Previous work (Cullen and Taube, 2017; Shinder and Taube, 2014b) has proposed that the attenuation of HD responses under restraint/passive motion conditions is related to the attenuation of neuronal responses in central vestibular pathways during active (as compared to passive) self-motion. However, several arguments can be raised against this interpretation.
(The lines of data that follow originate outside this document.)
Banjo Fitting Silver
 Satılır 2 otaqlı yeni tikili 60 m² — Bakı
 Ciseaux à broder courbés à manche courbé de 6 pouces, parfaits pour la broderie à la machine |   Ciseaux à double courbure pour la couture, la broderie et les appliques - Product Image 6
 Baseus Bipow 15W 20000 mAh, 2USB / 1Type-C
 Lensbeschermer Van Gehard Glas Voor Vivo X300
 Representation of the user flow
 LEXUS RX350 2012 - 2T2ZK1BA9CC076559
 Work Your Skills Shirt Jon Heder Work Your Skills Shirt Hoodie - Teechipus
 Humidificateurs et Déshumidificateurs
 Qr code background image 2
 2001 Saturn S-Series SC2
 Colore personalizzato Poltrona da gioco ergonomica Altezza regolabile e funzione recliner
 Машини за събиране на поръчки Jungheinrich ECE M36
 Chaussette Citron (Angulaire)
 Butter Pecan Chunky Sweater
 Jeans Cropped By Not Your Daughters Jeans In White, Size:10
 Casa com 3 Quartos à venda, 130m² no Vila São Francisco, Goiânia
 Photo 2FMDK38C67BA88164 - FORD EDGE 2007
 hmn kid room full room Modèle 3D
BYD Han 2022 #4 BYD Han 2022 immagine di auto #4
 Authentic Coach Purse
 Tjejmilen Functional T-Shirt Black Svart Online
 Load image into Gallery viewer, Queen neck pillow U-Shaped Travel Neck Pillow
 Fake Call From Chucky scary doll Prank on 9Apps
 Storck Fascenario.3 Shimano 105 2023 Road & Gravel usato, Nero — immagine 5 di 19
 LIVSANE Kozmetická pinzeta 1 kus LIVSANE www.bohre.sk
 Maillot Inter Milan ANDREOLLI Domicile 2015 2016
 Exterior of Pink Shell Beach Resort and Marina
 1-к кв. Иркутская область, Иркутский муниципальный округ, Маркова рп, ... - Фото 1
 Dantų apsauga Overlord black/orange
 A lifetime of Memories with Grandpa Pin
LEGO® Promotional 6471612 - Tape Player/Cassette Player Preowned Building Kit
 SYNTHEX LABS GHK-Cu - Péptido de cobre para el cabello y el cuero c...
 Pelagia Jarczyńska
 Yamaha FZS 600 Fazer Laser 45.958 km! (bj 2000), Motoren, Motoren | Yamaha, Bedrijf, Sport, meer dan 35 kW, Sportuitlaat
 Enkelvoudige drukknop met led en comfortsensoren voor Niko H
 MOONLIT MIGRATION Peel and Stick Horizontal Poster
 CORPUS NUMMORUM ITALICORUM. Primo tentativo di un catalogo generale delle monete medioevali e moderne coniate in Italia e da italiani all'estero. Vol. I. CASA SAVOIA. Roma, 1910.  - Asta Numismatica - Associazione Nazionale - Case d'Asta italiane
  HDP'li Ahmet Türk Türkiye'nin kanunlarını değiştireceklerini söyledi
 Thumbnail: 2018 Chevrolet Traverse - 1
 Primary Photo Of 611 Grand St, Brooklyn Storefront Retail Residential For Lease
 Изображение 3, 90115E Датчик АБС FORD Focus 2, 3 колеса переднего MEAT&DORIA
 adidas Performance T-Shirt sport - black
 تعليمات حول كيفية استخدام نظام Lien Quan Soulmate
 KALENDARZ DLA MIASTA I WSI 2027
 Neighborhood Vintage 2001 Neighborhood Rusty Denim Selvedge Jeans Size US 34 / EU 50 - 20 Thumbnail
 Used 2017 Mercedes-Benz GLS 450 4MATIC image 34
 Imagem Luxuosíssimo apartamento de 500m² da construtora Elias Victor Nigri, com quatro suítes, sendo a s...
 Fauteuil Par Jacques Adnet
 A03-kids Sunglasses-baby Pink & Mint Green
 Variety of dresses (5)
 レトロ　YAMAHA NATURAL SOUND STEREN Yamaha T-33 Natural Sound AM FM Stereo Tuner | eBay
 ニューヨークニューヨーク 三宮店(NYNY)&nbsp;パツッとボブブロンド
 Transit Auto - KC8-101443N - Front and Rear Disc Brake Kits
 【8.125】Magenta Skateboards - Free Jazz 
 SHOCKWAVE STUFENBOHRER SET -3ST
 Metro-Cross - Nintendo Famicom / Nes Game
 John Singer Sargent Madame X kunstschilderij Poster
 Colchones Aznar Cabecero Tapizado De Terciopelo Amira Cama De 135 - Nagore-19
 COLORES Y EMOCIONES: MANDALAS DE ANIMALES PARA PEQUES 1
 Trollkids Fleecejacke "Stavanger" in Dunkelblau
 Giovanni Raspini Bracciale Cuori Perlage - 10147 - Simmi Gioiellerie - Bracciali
1. As illustrated in Fig. 2 (and easily verified by behavioral studies; see Laurens and Angelaki 2017), under most circumstances the final self-motion estimate, which is the signal that should update the ring attractor, is identical during active and passive motion.

2. Neuronal firing in the VN is attenuated during active motion (Cullen 2012; 2014), when HD cells respond consistently and not during passive motion, when HD responses may be attenuated (Shinder and Taube 2014a,b). Thus, the effects in the two cell types are opposite.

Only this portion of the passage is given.